By Ben Olson
Sometimes a performer comes along and redefines the genres in which we listen to music. Garret Dutton—better known as G. Love—did just that in the early ‘90s when he fused blues with hip hop. Now, some 20 albums later, G. Love is still touring 150-plus days a year with his special brand of sauce. I had a conversation with G. Love about the inspiration of his unique style, his latest studio album, life on the road and what’s next for the keeper of the Special Sauce.
BO: You’ve been making music for decades now. Where did the inspiration for the blues hip hop fusion thing come from?
G. LOVE: It just kind of happened, honestly. I grew up playing acoustic guitar and then I learned the harmonica. That led me into the Bob Dylan side of town at a young age. I started listening to Dylan and it subconsciously inspired me to write songs. After that I started performing out at coffee shops and open mic nights. I saw a lot of people were also interested in Bob Dylan. I definitely had an instinct at a young age that I had to be original, so if everybody else is doing Bob Dylan at these open mics, I was digging for an original sound.
I stumbled upon the delta blues of John Hammond—he played guitar with harmonica—and that led me to finding the delta blues. Once I found that, I really felt like I found something unique that no one in my circle was hip to. As a writer, I was always writing about the cityscapes of Philadelphia. I grew up as a hip hop kid in the ‘80s, listening to Beastie Boys, Run DMC and LL Cool J like everyone else. Hip hop was this exciting new music you didn’t think you could really do as a white kid, but it was part of me, I was a graffiti writer and basketball player and break dancer as a kid.
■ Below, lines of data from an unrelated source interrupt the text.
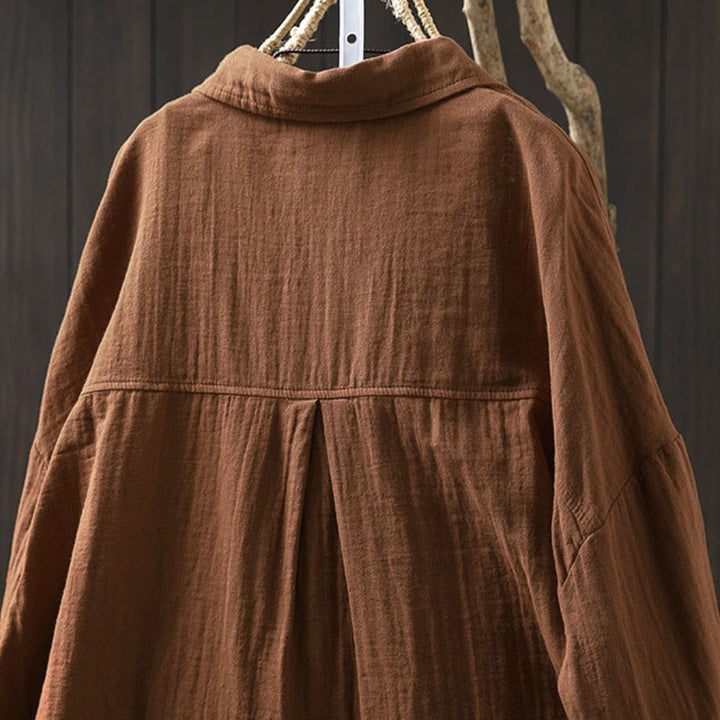 Camicia da donna in cotone a maniche lunghe con bottoni a contrasto e tasche Buddha Stones Fall - image 17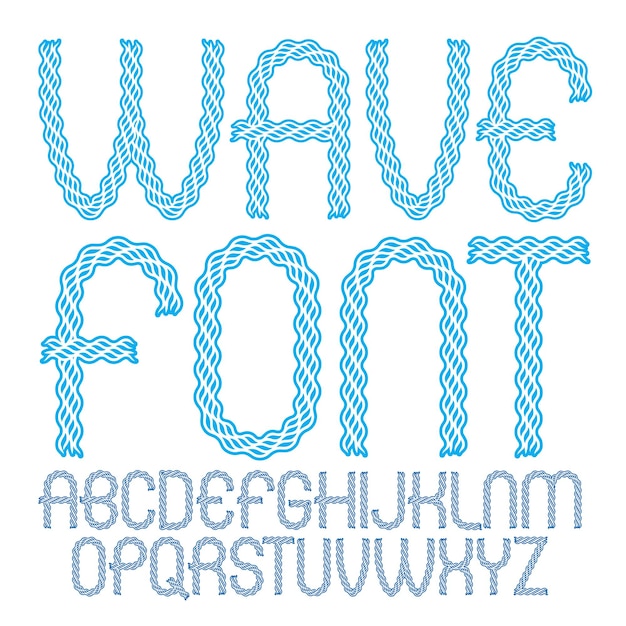 Vector capital rounded alphabet letters collection made using undulate lines, flowing rhythm.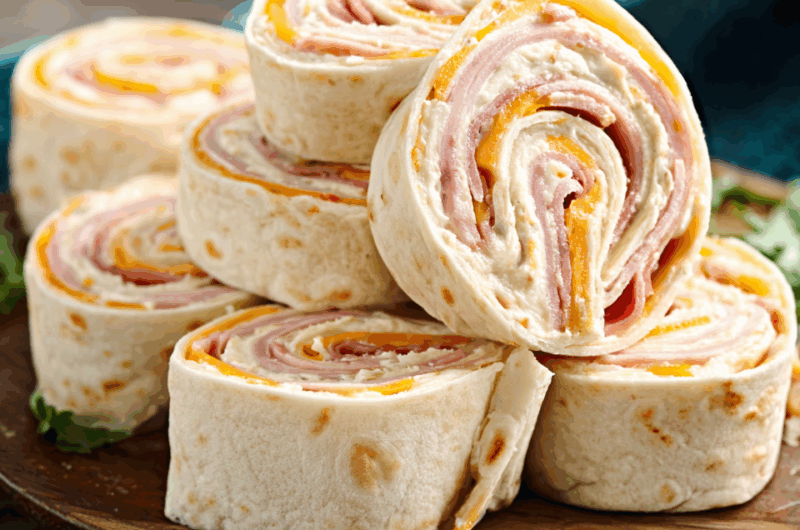 Savory Ranch Ham & Cheese Tortilla Pinwheels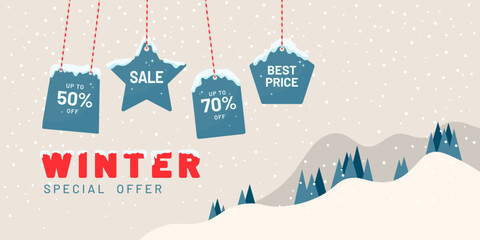 Winter sale background with hanging discount tags, snowy landscape and promotional messages. Ideal for holiday marketing, retail advertising, special offers, seasonal banners and shopping promotions.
I was always interested in hip hop culture. One day I started rapping to I started rapping to Erik B. & Rakim song, “Paid In Full” over his blues riff. At that particular moment, that was the epiphany, I said, “Now I’ve got it.” A week later I wrote my first rap over a slide guitar riff, and I said, “This is it.”
You found your sound?
I knew it. It was like the whole world just opened up. I knew I had something.
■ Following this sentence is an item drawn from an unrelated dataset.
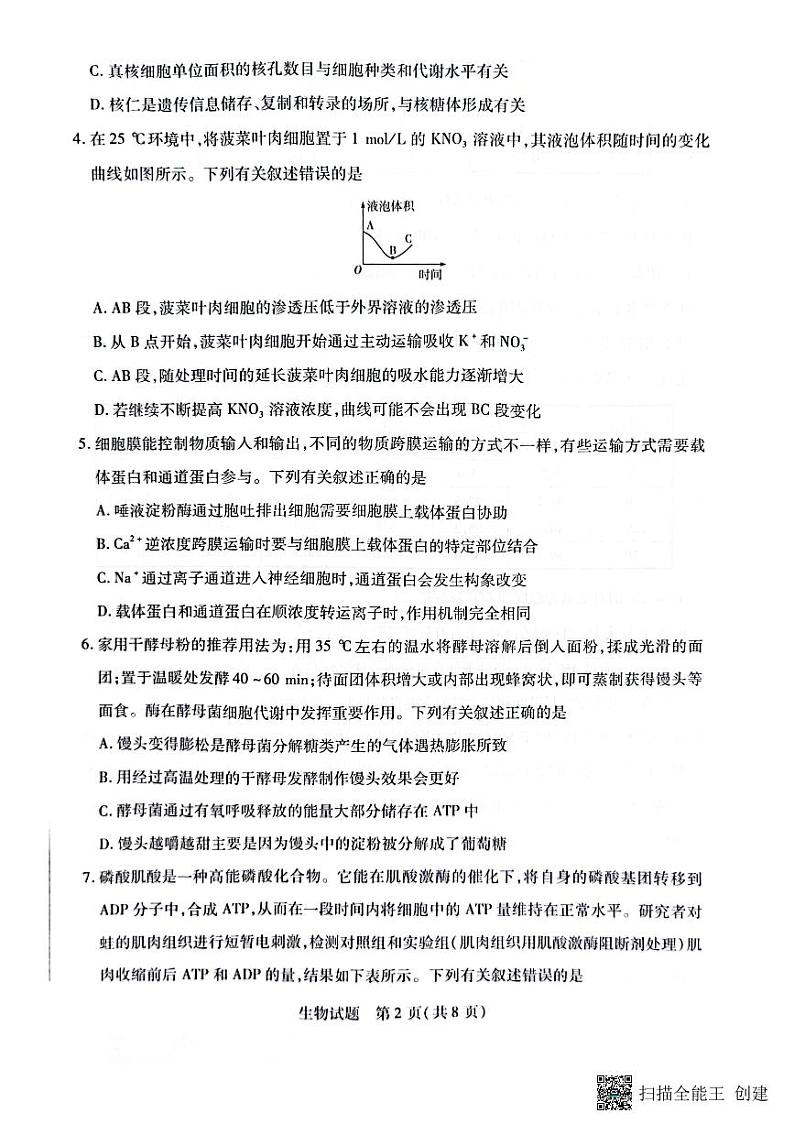 海南省2022-2023学年高三上学期11月联考生物试题第2页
Your latest album, “Love saves the day,” is it your tenth?
Including the bootlegs and solo records, it’s like the twentieth.
Wow. I noticed a few cuts on it that swung a little into the rock realm. Was that on purpose?
I think what it is … if you keep pushing the blues you’ll end up with rock and roll. We came about it in the right way. If you learn your rock and roll from the Foo Fighters or Led Zeppelin or the Rolling Stones, you’re separating yourself by different generations from the source, which is the blues. A lot of the great rock and roll bands started out as blues bands … We were a blues band, and then we kept pushing it and pushing it, and we ended up on the rock and roll side of town.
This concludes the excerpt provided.